I know what it's like to live with depression and anxiety. For the past five years, it has been an uphill battle to wake up in the morning and decide I'm going to be an active participant in the day. When I open my eyes, I feel exhausted. I could have slept for 10 years straight, and I am still so tired. When I finally get out of bed, I have an irrational fear that something will inevitably go wrong with the day, so then I treat the day accordingly. When I walk on campus and I see someone looking at me, I think they're looking at all of my visible flaws. I'm always worried someone will dislike me as soon as they meet me, and I always forget that in order to dislike someone, you have to know them. Living with a depression/anxiety combo is worrying about how things are going but being too tired to fix them. It's shutting out everyone who is just trying to love you because you're too worried about being rejected before they even get the chance to do it. But mostly, it's getting sad at random times and crying for an hour until your mascara is running down your face and you find yourself not being able to get up off of the kitchen floor.
I also know what it's like to love someone with depression and anxiety. Secondhand, of course. You try so hard to tell them every day that they're beautiful, but they don't believe you. You try so hard to tell them every day that they're loved, but they don't see how anyone ever could. And when they're crying, you try to comfort them but the cries soon become moans, the air runs thin and suddenly, they can't catch a breath. How are you supposed to love someone who finds it hard to love themselves?

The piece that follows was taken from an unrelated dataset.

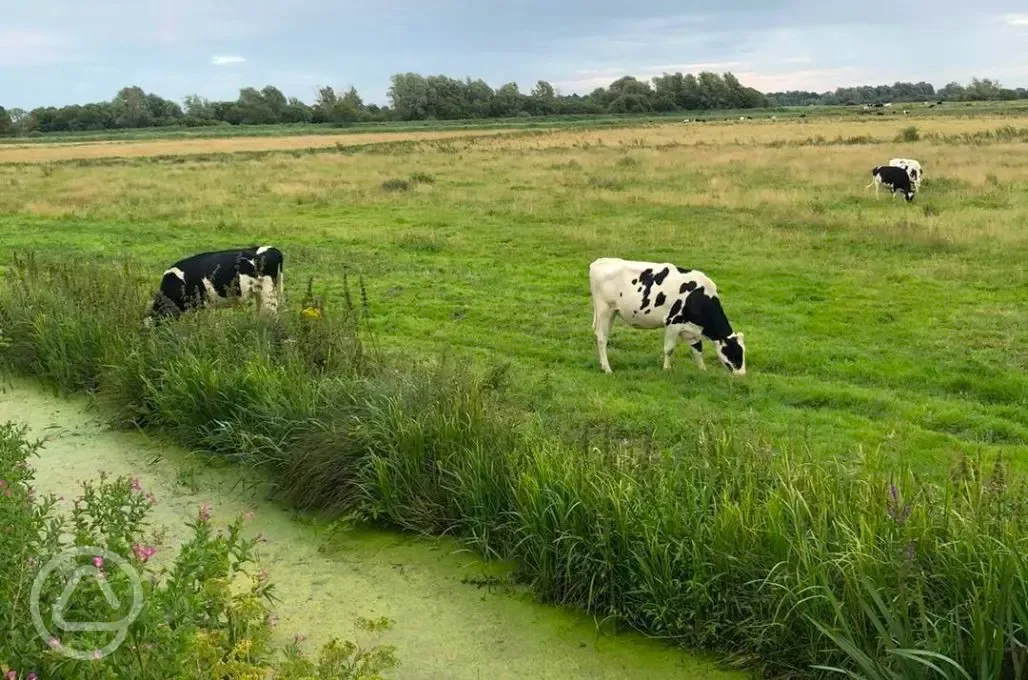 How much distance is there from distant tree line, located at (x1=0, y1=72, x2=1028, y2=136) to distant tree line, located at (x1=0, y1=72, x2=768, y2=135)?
12 cm

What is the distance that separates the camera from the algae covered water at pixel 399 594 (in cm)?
448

Sometimes, there will be silence, and it can be deafening. You'll want, more than anything, to talk it out with them, but maybe the best thing for them is sitting in silence while they navigate the mess in their head. Speaking from experience, the last thing a depressed person wants is someone causing a fuss while they're already wigging out.
More than anything, when you love someone with depression, you have to be flexible and selfless. I understand it's hard to give so much love and feel as if you're always doing something wrong because they're always sad. Remember, it's not your fault they feel this way. It's not your fault they cry or stare into space for hours or disappear for hours at a time. But also remember, they're not looking for someone to fix them. They're looking for someone to stroke their hair and say, "I'm sorry, I know this sucks." Being patient while they work on themselves is the best way to love someone.

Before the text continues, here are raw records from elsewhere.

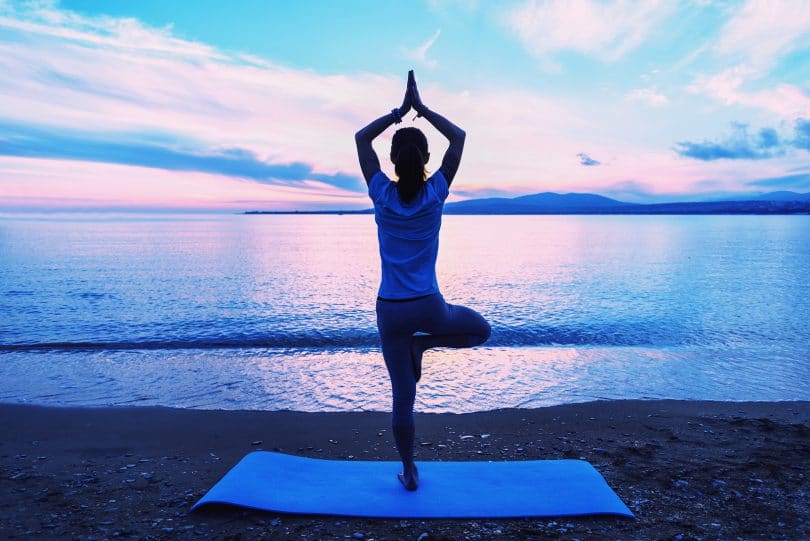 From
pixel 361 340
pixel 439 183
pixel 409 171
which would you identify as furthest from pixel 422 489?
pixel 361 340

For the depressed, I know it sucks. Believe me, I know it well. Don't suppress what you're feeling. In my experience, bottling it up will cause you to explode with emotion a little down the road. Do what you think is best for you, but don't ever stop trying to get better. Always remember, it's a bad day, not a bad life.
For the ones who love someone who is depressed and/or anxious, you're doing everything right. Don't get discouraged if, after you love on them for four hours straight, they're not better. Depression doesn't get better over night because it's not just something you can get over. Continue with your patience and unconditional love, and the rest will come in time.